Show HN: Low code Jupyter Notebook alternative with dashboards - pplonski86
https://github.com/mljar/mljar-studio
======
pplonski86
In 2016 I've created web service for building Machine Learning models in the
cloud. However, I wasn't happy with it because it only allows building ML
models on already prepared data. So I've started searching for a nice way for
preparing data in a low code manner.

At first, I was considering GUI with drag and drop nodes, where each node
represents an operation on data. I wasn't happy with that solution because it
can easily get messy (spaghetti of nodes) and it is untestable. So I keep
searching ...

It came to me that the best low-code solution will be a code itself, with GUI
to generate the code. I was looking for the best way to execute the arbitrary
code on the web and I came to Jupyter Notebook.

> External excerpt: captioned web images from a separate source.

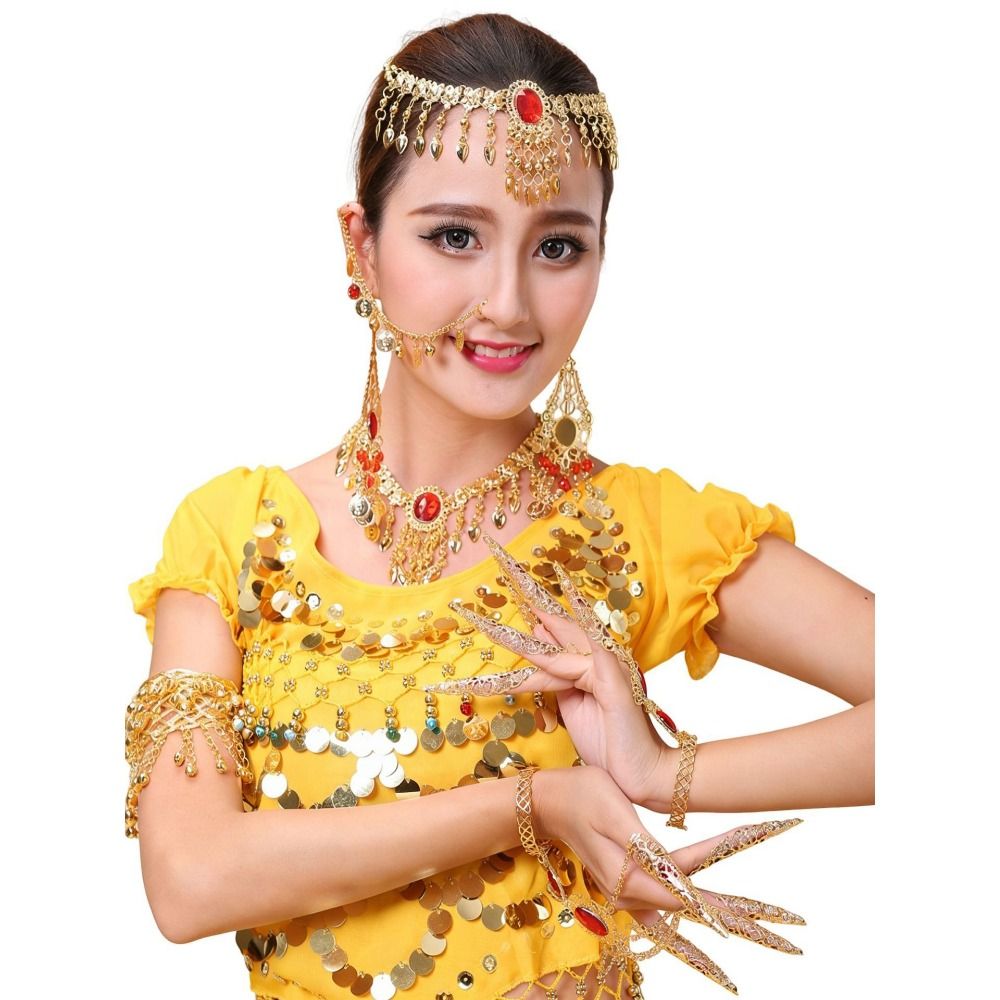Body Jewelry Indian - سلسلة رأس بوهيمية مزينة بالترتر، تصميم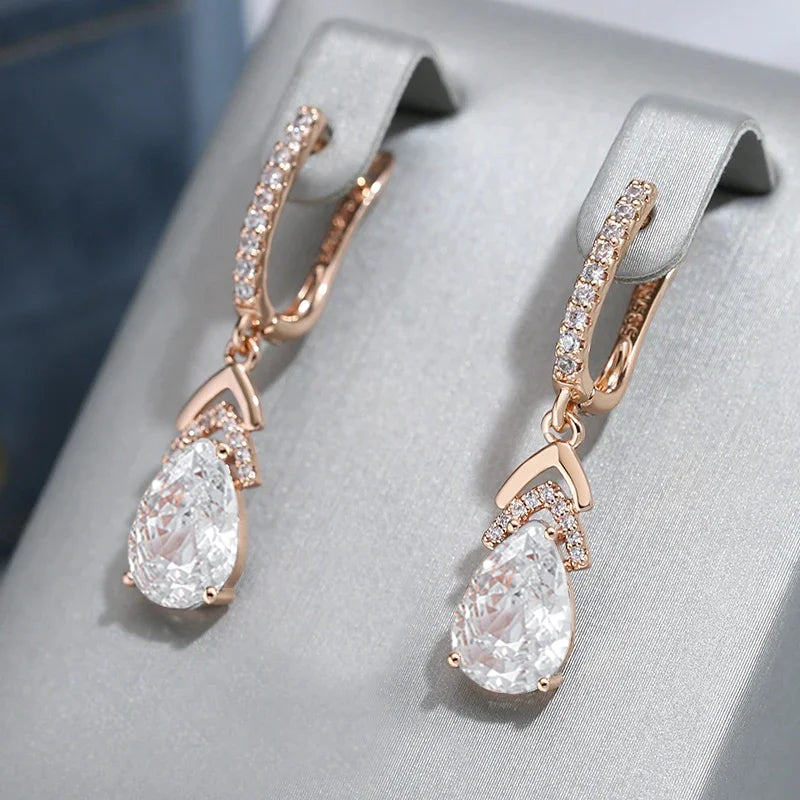 Elegant Long Drop Earrings with Zircon Stones in Rose Gold - Wedding & Bridal Jewelry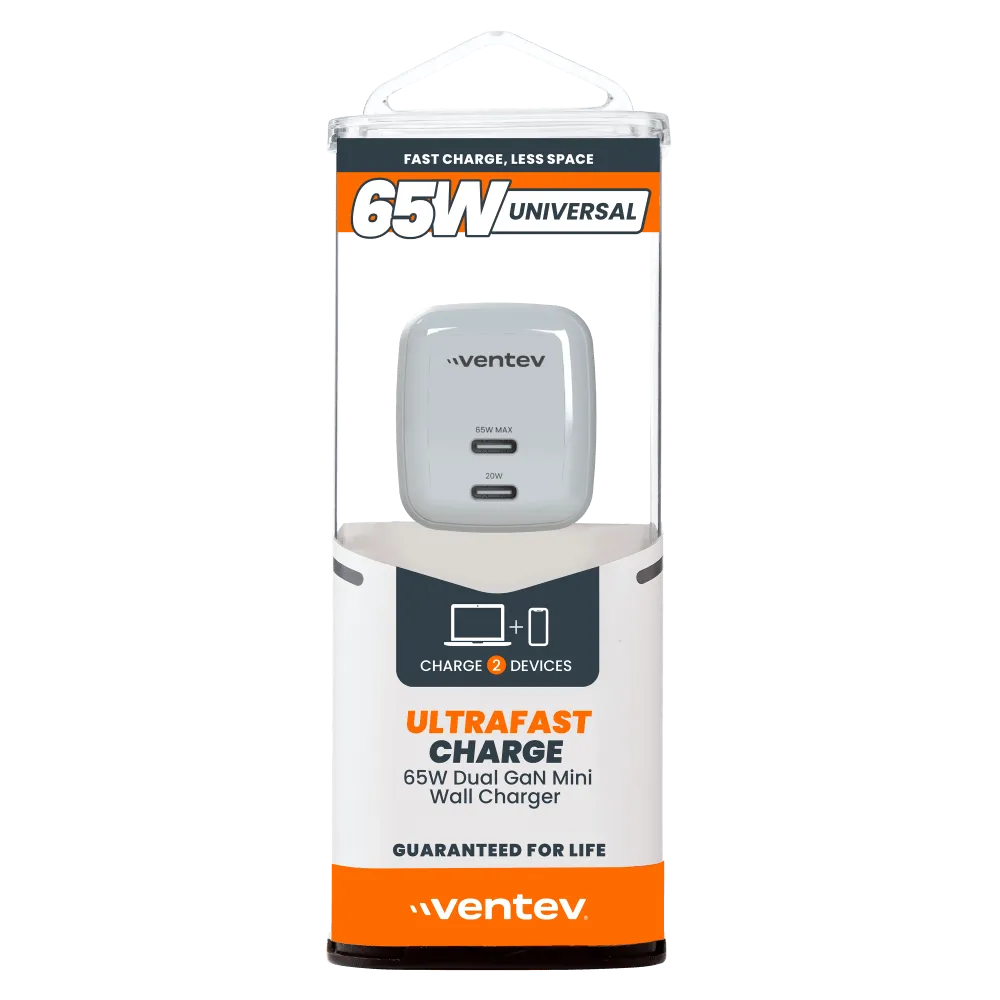 Ventev 65W Dual USB C GaN Mini Wall Charger by Ventev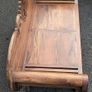 Solid wood 2-seater with scrolled arms and carving Image 2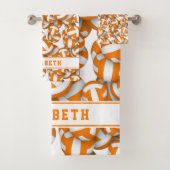 Athleten orangefarbene Mannschaft färbt Volleyball Badhandtuch Set (Insitu)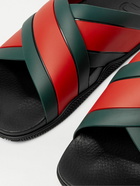 GUCCI - Striped Rubber Slides - Red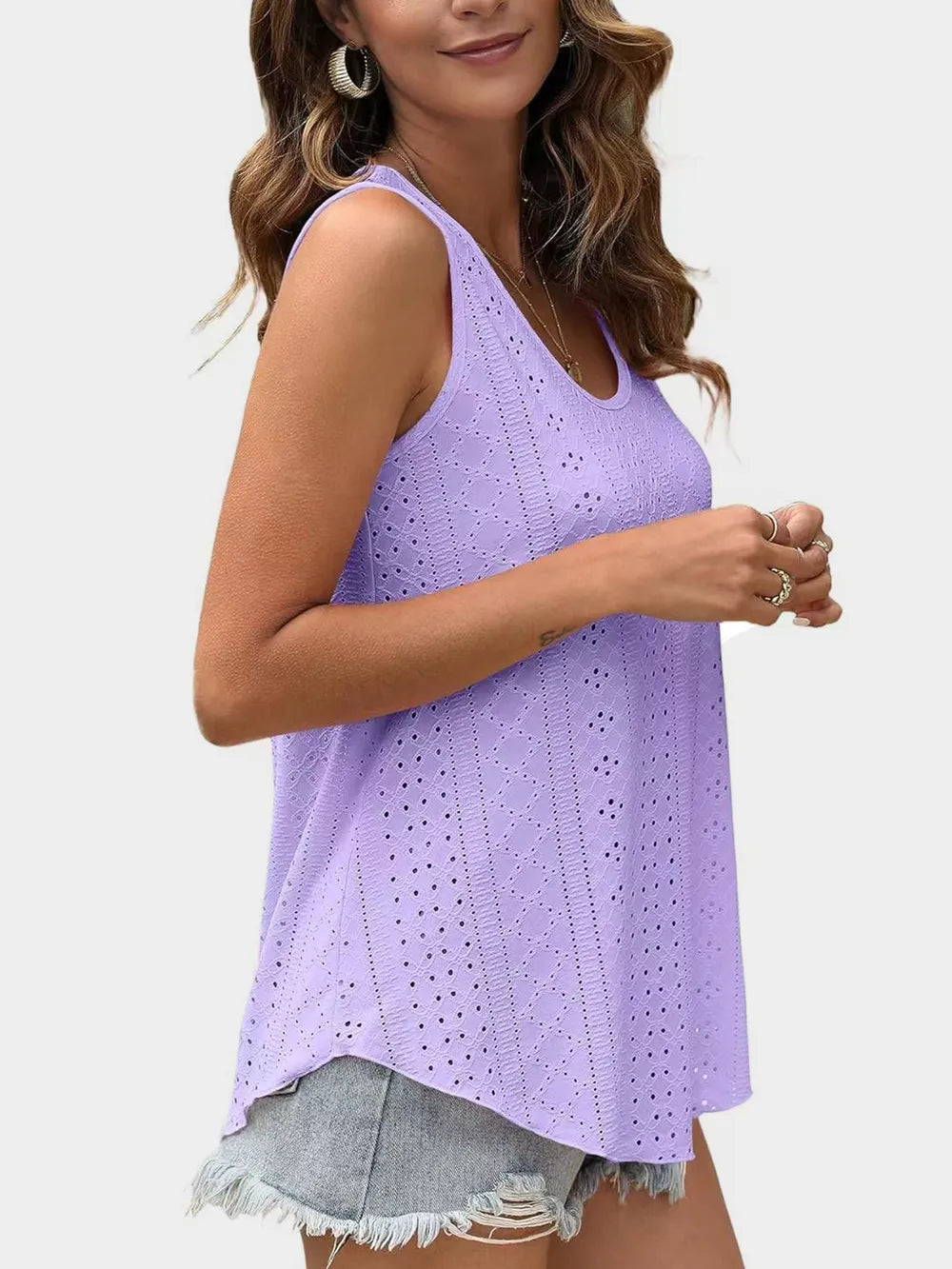 Florira Eyelet Round Neck Tank – Trendsi | ClozArt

As a result, I've started working on the MLJAR Studio. It has frontend created
in react and redux. It connects to Jupyter Notebook (for computation) and
Django server (store and manage the project).

Users can generate code by clicking. All code creates a script that can be
executed.

All results are represented as widgets and can be easily shared with others by
sending a link.

There is still a lot of work to do: more operations covered with GUI, the
interaction between widgets and code, periodic runs of scripts, ability to
connect with databases and APIs, and of course support for ML.

In the future, I would like to have two versions of MLJAR Studio: open-source
version and pro-version with additional features.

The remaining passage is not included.